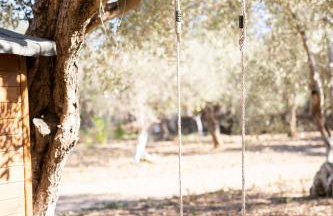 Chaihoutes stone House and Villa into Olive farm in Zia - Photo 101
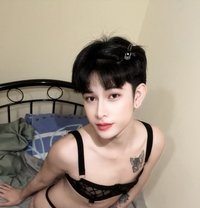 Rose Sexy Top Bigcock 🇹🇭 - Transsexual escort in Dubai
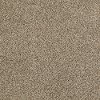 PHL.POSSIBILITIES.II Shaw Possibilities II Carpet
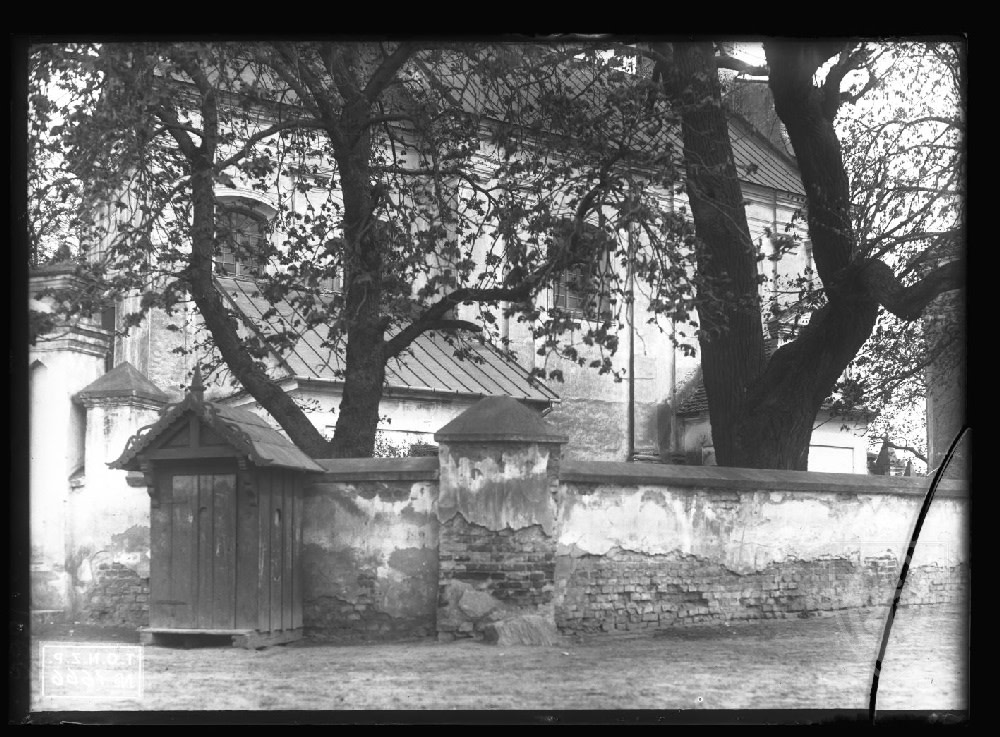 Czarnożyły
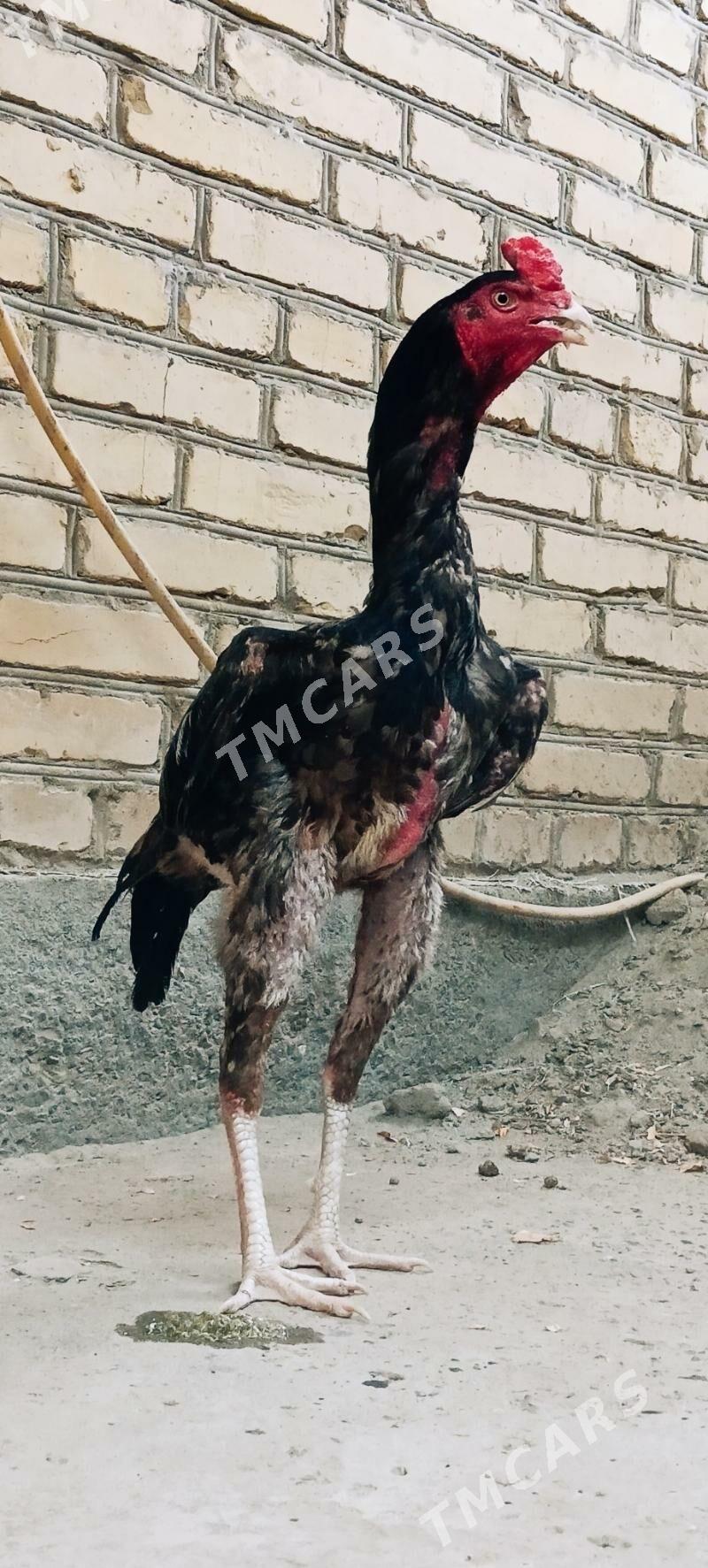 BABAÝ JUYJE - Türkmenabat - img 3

■ ■ ■ ■ ■

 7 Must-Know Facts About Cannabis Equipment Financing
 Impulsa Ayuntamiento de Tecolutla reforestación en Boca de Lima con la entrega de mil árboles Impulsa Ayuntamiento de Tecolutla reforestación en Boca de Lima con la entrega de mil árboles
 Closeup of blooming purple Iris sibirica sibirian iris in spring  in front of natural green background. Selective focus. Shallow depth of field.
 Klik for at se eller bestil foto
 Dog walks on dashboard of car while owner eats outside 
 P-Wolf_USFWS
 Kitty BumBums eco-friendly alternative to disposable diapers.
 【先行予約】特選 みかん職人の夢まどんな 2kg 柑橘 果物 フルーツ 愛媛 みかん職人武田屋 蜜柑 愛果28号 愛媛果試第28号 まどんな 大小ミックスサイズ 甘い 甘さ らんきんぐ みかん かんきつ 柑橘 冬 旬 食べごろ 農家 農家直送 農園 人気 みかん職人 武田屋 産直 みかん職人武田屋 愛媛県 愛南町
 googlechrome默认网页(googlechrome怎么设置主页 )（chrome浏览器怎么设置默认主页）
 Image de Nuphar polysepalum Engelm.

■ ■ ■ ■ ■

ACTIVITY | Using the records above, set down exactly the lines from the one with "googlechrome默认" through the one with "Image de Nuphar polysepalum Engelm.", inclusive, and nothing more.

ANSWER BELOW |
 googlechrome默认网页(googlechrome怎么设置主页 )（chrome浏览器怎么设置默认主页）
 Image de Nuphar polysepalum Engelm.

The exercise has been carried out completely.